As the Internet became more and more important for society, the network theory became part of the very notion of social dynamics. In a network society, the power law is becoming the fundamental pattern.
In social sciences, prediction has often been more a kind of shaping the future than a description of what will actually happen. That sort of shaping by predicting has often relied on the assumptions that were used in the predicting process: Predicting something that will happen in a society relied on an idea of society. When scholars shared the assumptions that were defined in the notion of the "mass society"—with mass production, mass consumption, mass media, in which almost everybody behaves the same, both at work and when consuming—in their vision, fundamental characters were the same and diversity was randomly distributed: so, Gauss ruled. In a mass society most people were average, different people were rare and extreme, thus society was described by a "bell curve," a Gaussian curve, the "normal" curve. Polls based on statistic samples were able to predict behaviors.
But in a network society the fundamental assumptions are quite different. In a network society, all characters are linked and co-evolve because a change in a character will probably affect other characters. In such a society, the average doesn't predict much and scholars need a different fundamental pattern.
The power law is such a fundamental pattern. In this kind of society, resources are not random: they co-evolve and they polarize. In finance, as in knowledge, resources are attracted by abundance. The richer get unavoidably richer.
Understanding this pattern is the only way for a network society to oppose inequality without looking for solutions that were good in a mass society. Bernardo Huberman, a network theorist, observed that the winner take-all in a category, that is to say in a meaningful context. For example, the best search engine wins in the search engine category, but not necessarily in the whole of the web, thus not necessarily in the social network category. In such a network, innovation is the most important dynamic to oppose inequality, and real competition is possible only if new categories can emerge. If finance is only one big market, then the winner takes all. If rules make sure that different banks can only play in different categories of financial services, then there is less concentration of resources and less global risk.
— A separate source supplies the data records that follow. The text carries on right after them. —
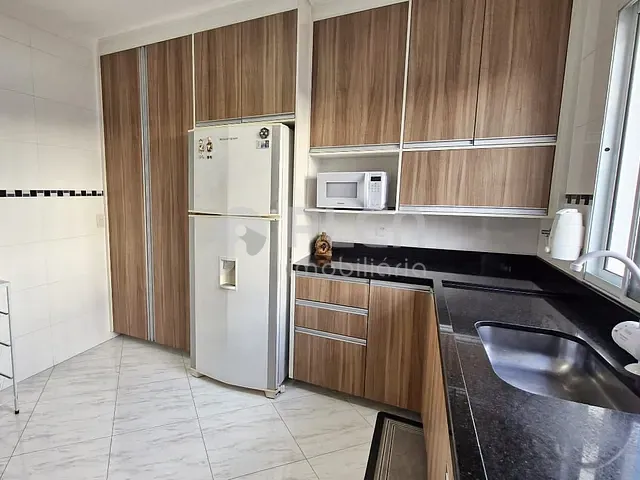 Sobrado 3 quartos e 4 banheiros, à venda, no bairro Vila Dom Pedro II em São Paulo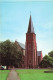 BELGIQUE - Watervliet - Kerk O L - Vrouw Hemelvaart - Carte Postale - Sint-Laureins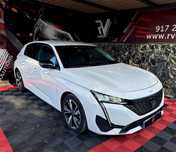Peugeot 308 1.2 PureTech Allure Pack EAT8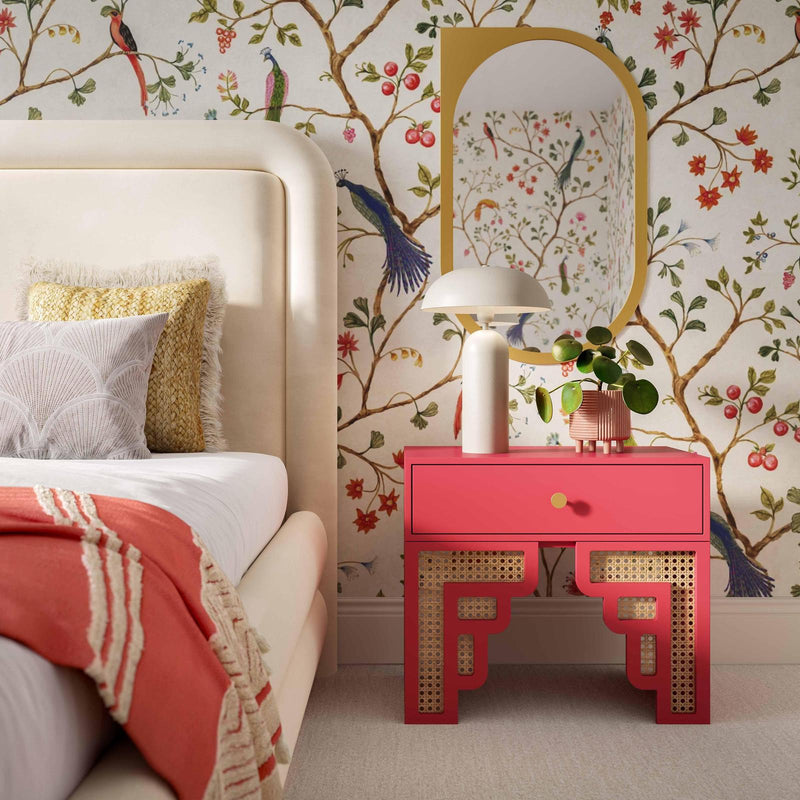 suzie-coral-pink-rattan-nightstand-2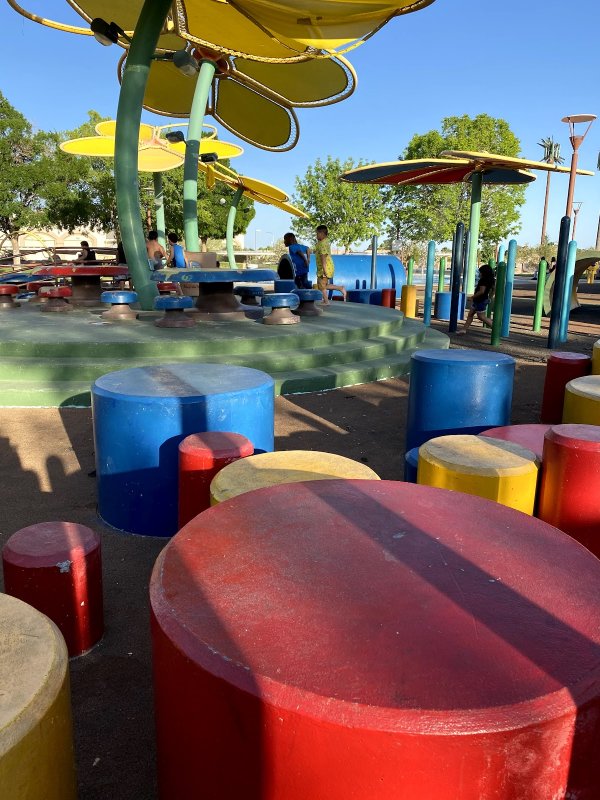 Centennial Hills Park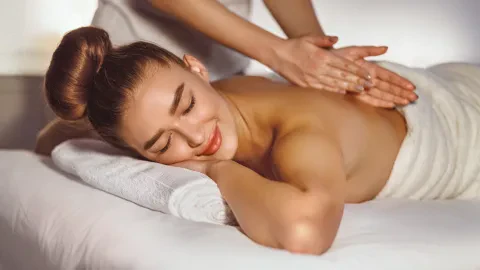 Classic massage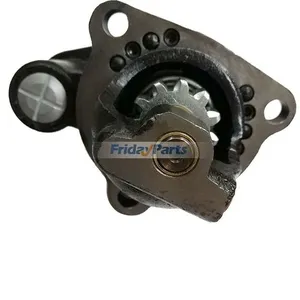Starter Motor 10461052 for Delco Remy — 3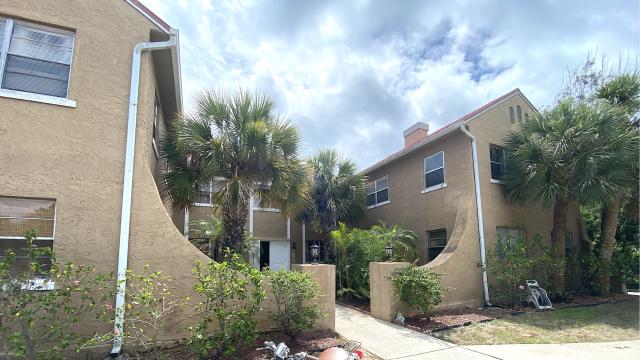 Multifamily Property Available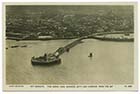 Jetty aerial view [PC]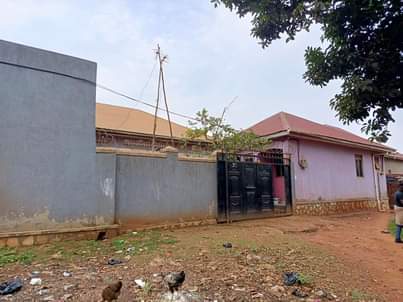 houses munyonyo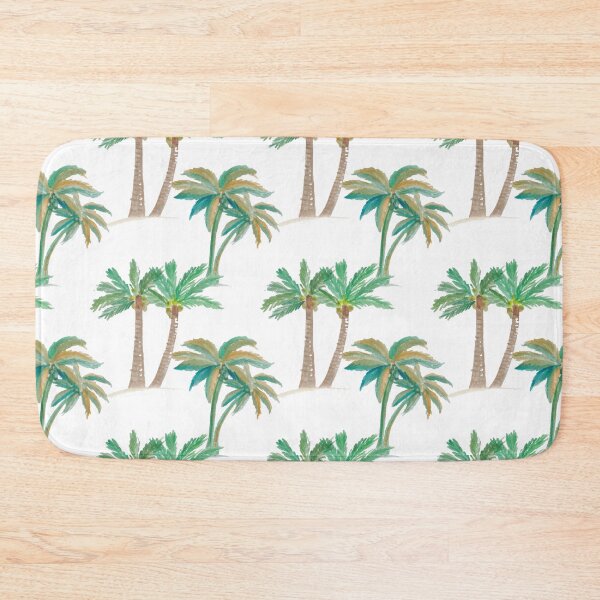 Item preview, Palm Trees  designed and sold by Corinne Alexa Jackson.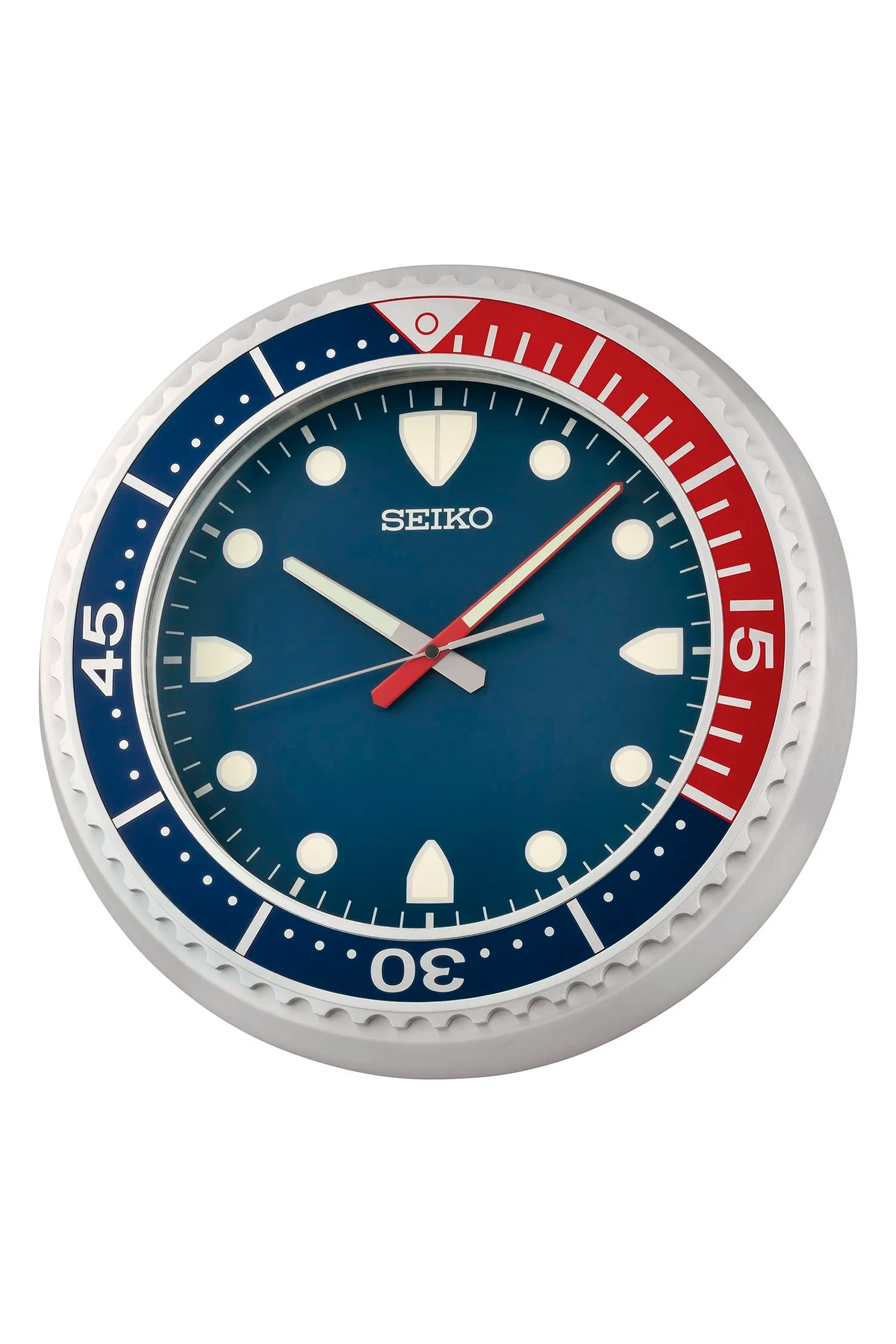 de pared Seiko Analógico – QXA849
In a mass society, everything tends to go toward the average: The middle class wins in a normal distribution of resources. In a network society, resources are attracted by the hub and differences inevitably grow. The mass society is an idea of the past, but the network society is a challenge for the future.
The power law can help understanding, and maybe correct the dynamics of networks by growing the awareness of its fundamental patterns. Predictions are narratives. And good narratives need some empirical observations. Moore's law is useful to those that share the techno-centered narrative of the exponential growth of computer abilities. The power law is useful to those that want to critically see the evolution of a network.